Exercise description: Output every entry below exactly, without its pictures.

(Image-caption web data)
[Start of section]

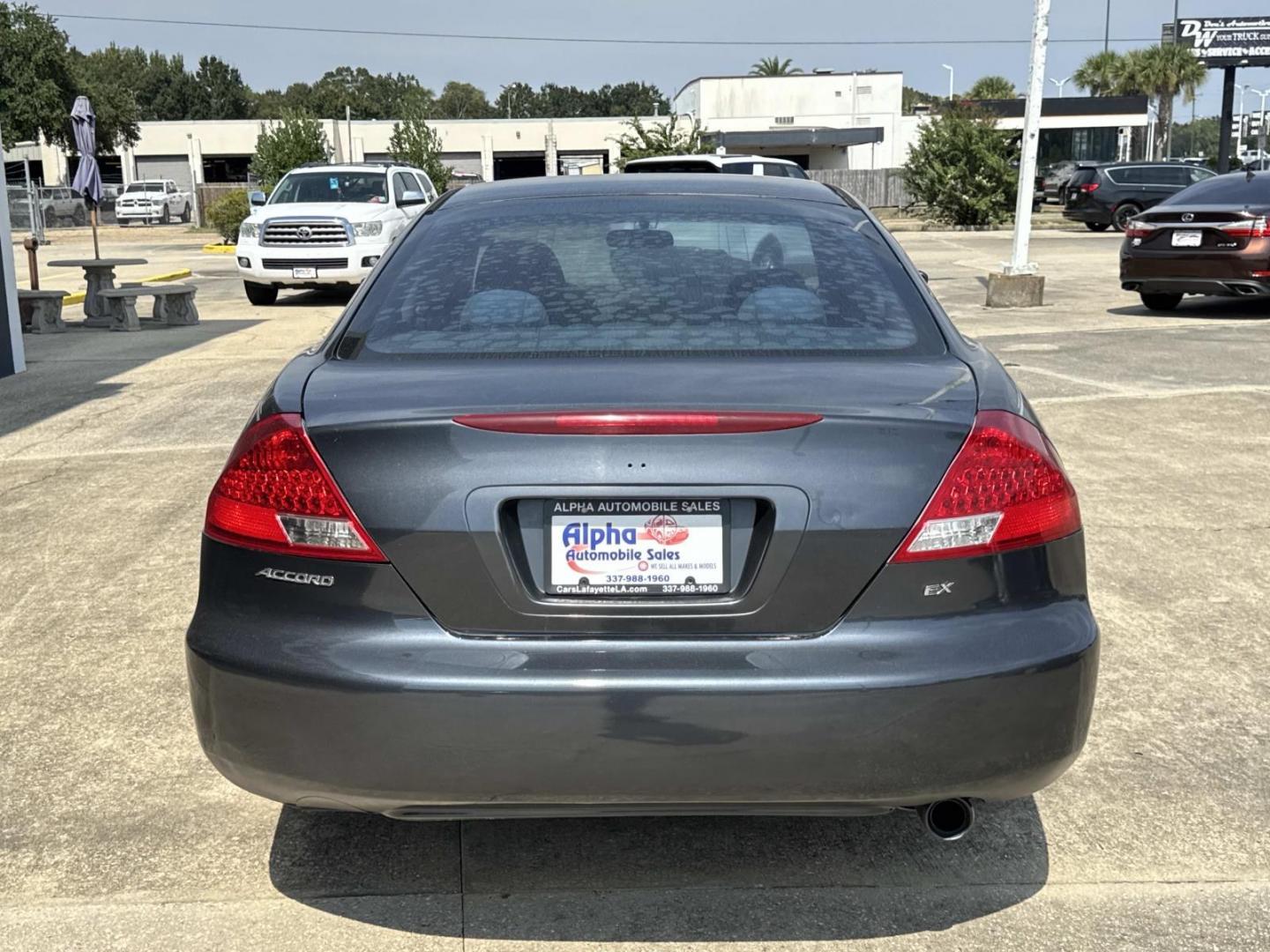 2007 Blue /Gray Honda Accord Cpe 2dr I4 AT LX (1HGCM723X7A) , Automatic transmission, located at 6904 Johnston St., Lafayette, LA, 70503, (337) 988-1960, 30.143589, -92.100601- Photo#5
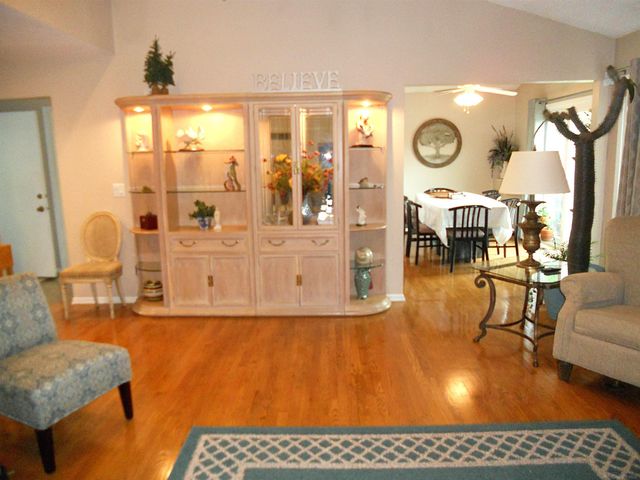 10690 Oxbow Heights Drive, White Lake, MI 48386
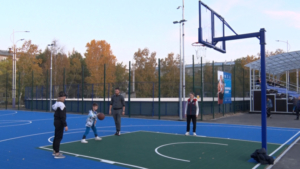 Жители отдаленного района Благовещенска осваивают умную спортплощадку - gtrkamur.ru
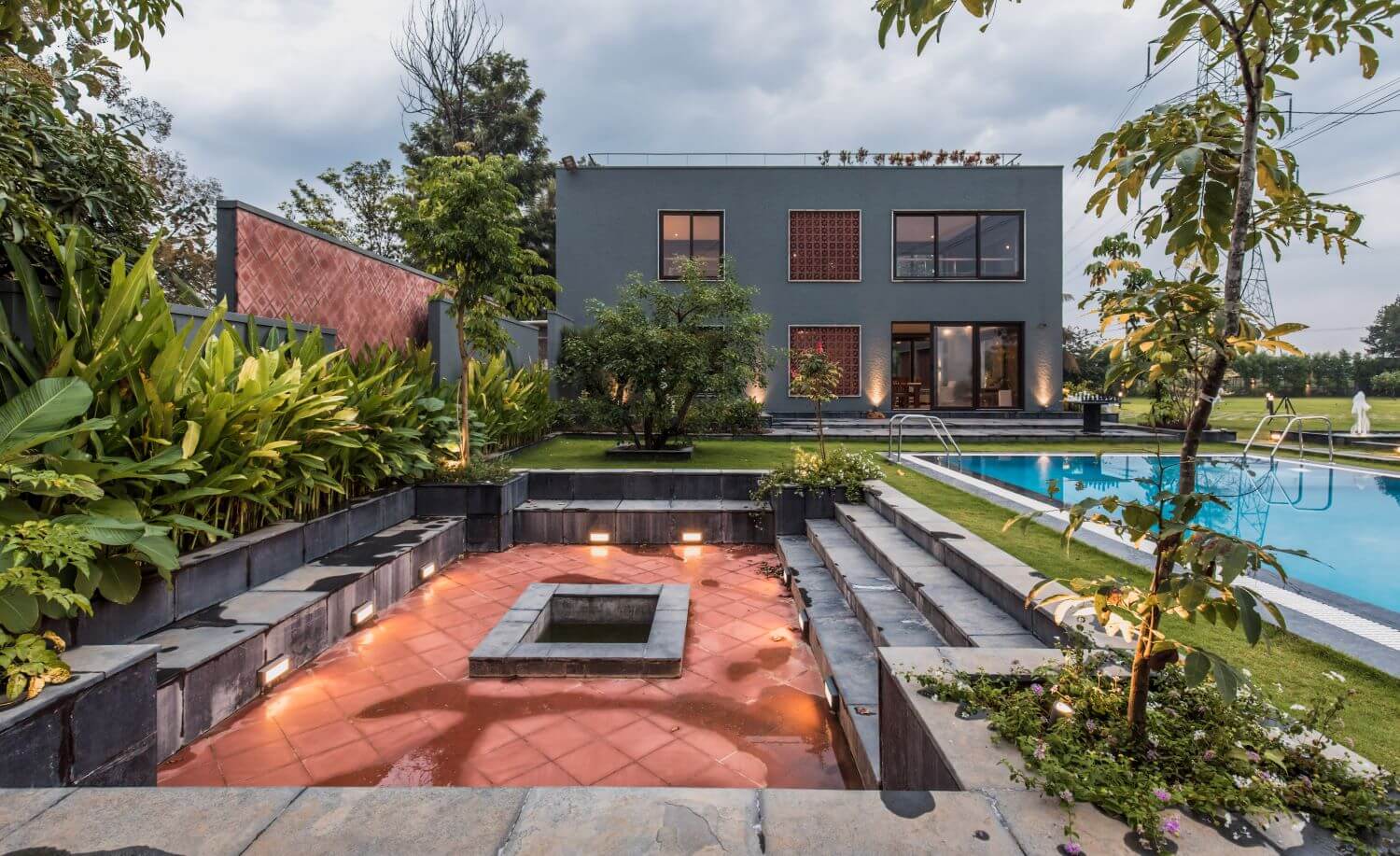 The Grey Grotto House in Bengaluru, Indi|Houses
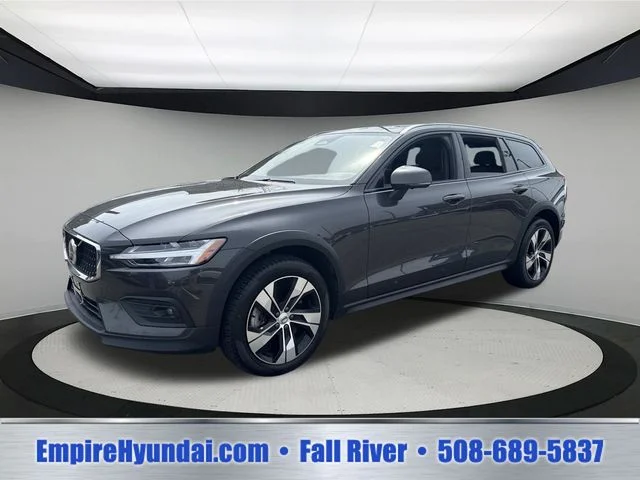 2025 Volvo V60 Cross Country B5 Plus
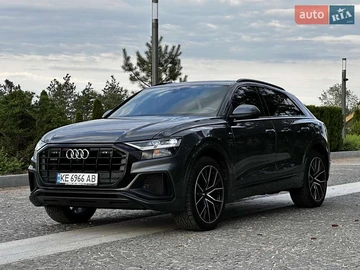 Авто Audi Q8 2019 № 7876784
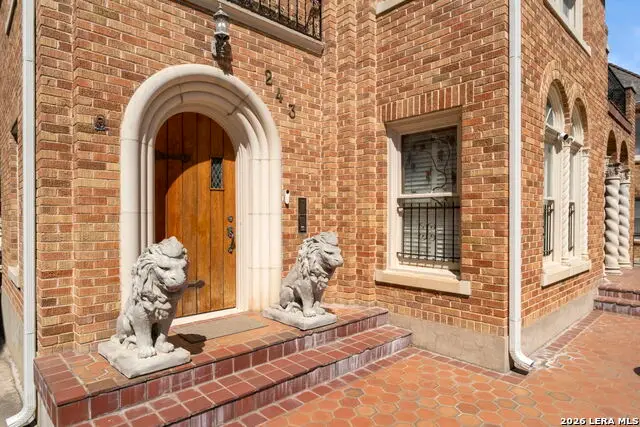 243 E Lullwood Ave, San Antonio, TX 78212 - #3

[End of section]

Exercise result:
 2007 Blue /Gray Honda Accord Cpe 2dr I4 AT LX (1HGCM723X7A) , Automatic transmission, located at 6904 Johnston St., Lafayette, LA, 70503, (337) 988-1960, 30.143589, -92.100601- Photo#5
 10690 Oxbow Heights Drive, White Lake, MI 48386
 Жители отдаленного района Благовещенска осваивают умную спортплощадку - gtrkamur.ru
 The Grey Grotto House in Bengaluru, Indi|Houses
 2025 Volvo V60 Cross Country B5 Plus
 Авто Audi Q8 2019 № 7876784
 243 E Lullwood Ave, San Antonio, TX 78212 - #3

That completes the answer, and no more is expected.